I know, perhaps a bit overstated once it’s written or read aloud. And, perhaps a bit over the top to share on this forum. And then, however, this is exactly the dialogue that leads me to make a joking approach to the very request for self-assuredness from the teacher at my own child’s conference just two years ago.

I say, ostensibly lightening the mood,

“Ok ok ok… all this report on the role of community is wonderful - but is my kid going to be ready to apply Ivy League in 10 years?”

{Laughter at seemingly excessive question of parental control and influence follows…}

And then it comes out of my mouth - “Do you have any concerns we should know about or work on at home?”

My child’s guide, ever graceful, answers “Oh, I think we’ve spoken about everything - your child is centered, and really working on knowing what is their job to fix and what is other’s, and that’s a good work for life.”

And in deepening the conversation back into a human-centered life skill, my child’s guide deftly and expertly reminded me that my joke about Ivy League, and likely my concern, is an ego-centered, not human-centered achievement.
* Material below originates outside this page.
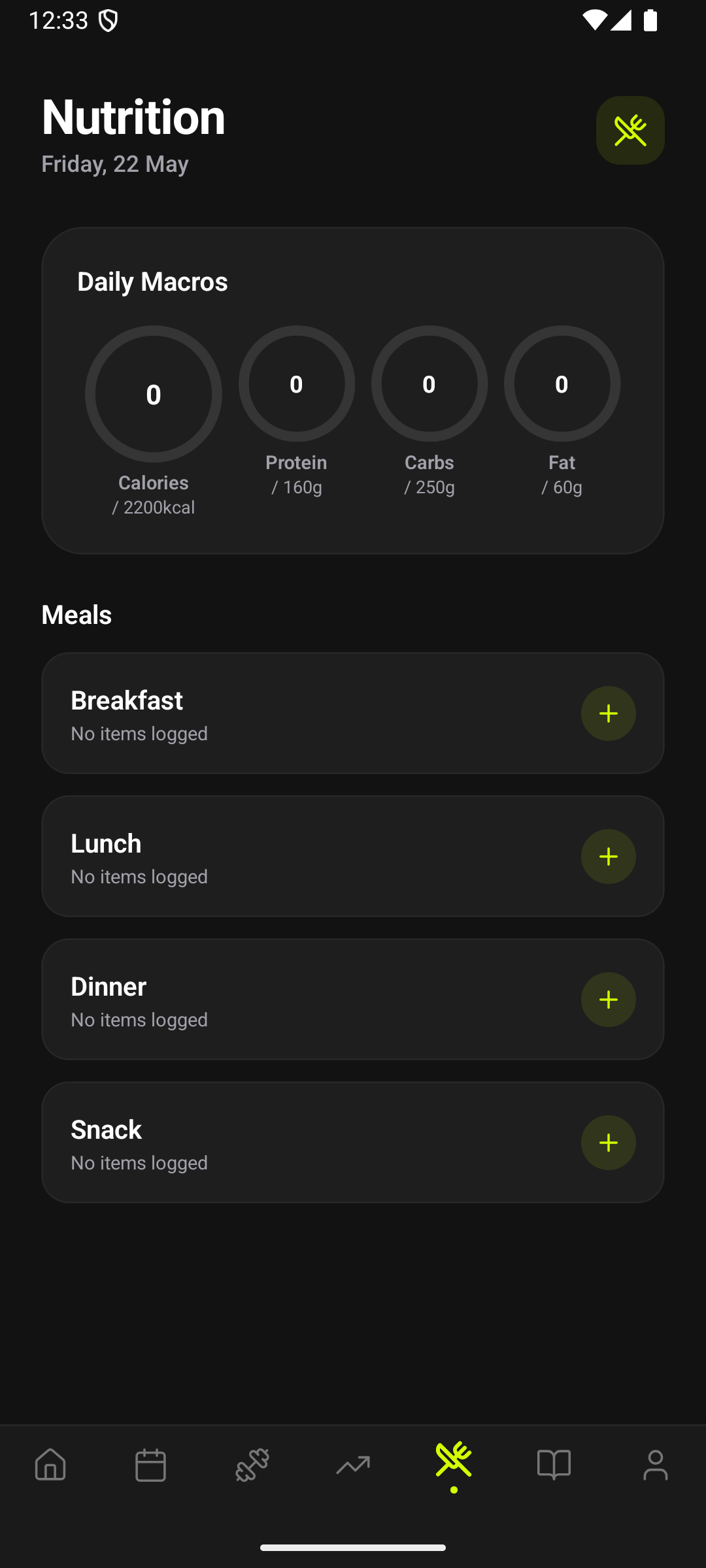 Nutrition meal slots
And that regardless of the place my kids continues their education, the skills of relationships and boundaries are essential to their humanity in the rest of their life on this blue sphere. It’ll take me a year to realize that my question about ‘concerns’ also betrays that apparently I didn’t know the etiquette for trust also includes that my child’s teacher will absolutely tell me if there are ways I can work with my kid at home to reinforce what’s happening at school. And, if I can develop the capacity to listen, I likely would hear that.
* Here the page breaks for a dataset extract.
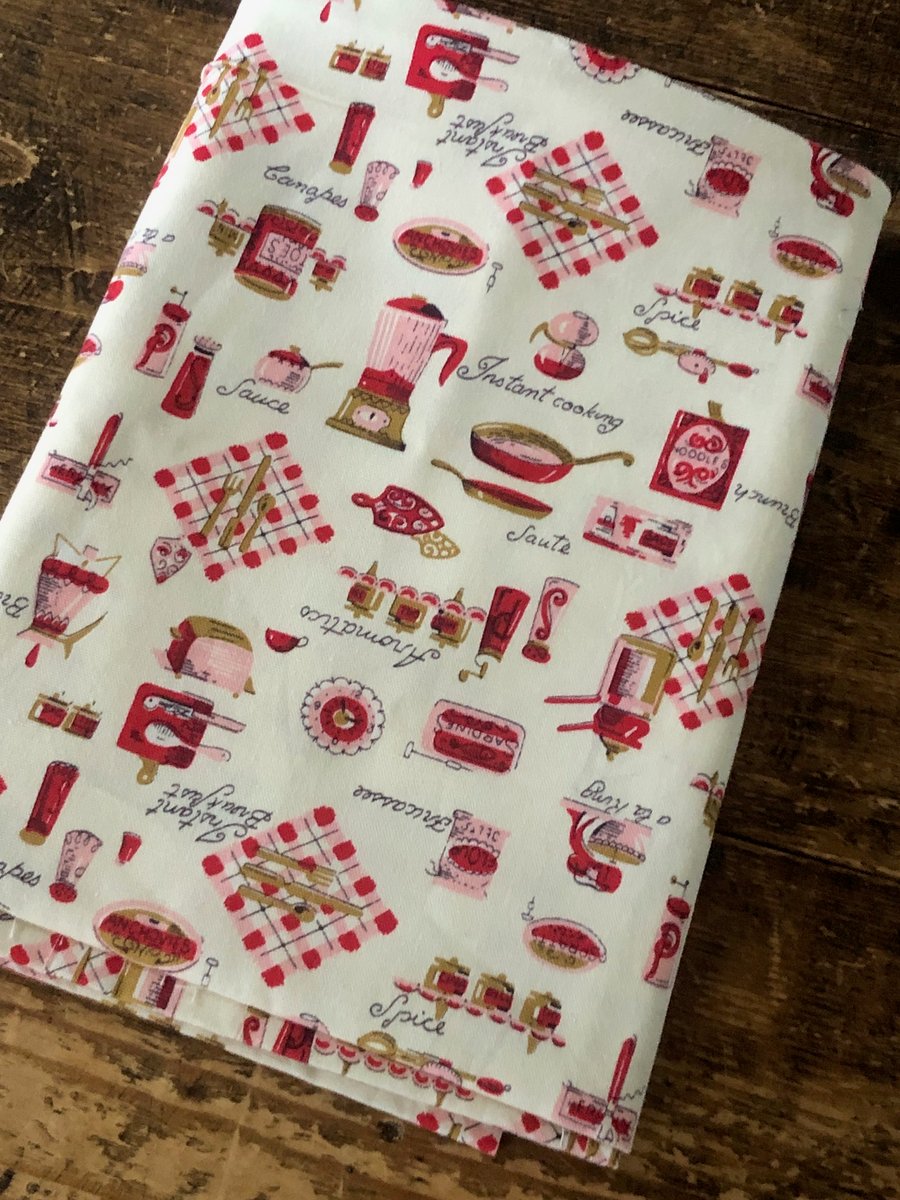 1m Japanese 100% Cotton Fabric  - Kitchen Illustrations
It’s a courageous thing to be parenting in the state of affairs that is our contemporary culture. And I’ve been challenged to consider that my professional experience and my life tells me much more about how children grow through adolescence to be successful as adults than my parenting lens offers. My experience demonstrates that people aged 17 to 25 are much more sane, self-assured, and capable of enjoying their life when they have an internal measure of wonder and appreciation for the world around them. Rather than working for a better tomorrow, these self-assured young people are working for a better day today - in their relationships, in their want to understand justice and fairness, and in their desire to contemplate a way they can contribute to meaning, rather than just their own sufficiency or personal stability at the expense of others.
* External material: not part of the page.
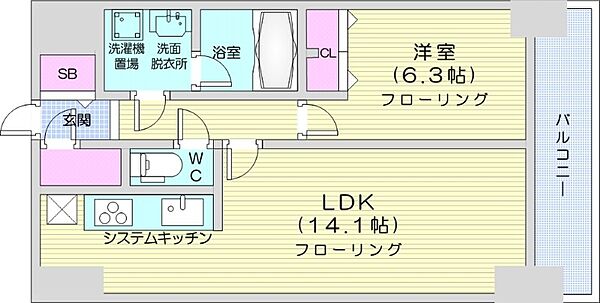 北海道札幌市北区北八条西3丁目(賃貸マンション1LDK・20階・54.19㎡)の写真 その2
There’s a deeply unsettling implication in this story for me to realize: I do best as a parent when i am concerned about supporting my child’s health today, rather than seeking indicators of their thriving in the future. And I do believe the sheer volume of pressure on me, as a parent, to cultivate an assured future for my child - at the expense of hearing what’s going on with them today - is a common pressure shared by many of us parenting. That pressure is at the very heart of why it’s a challenge to role model community values in a time that is increasingly pressuring self-everything. It’s a challenge that I’m thankful to have graceful educators to support me in thinking through, and tolerating when I have fallen prey to a spell that is much more about me than the child I’m asking after.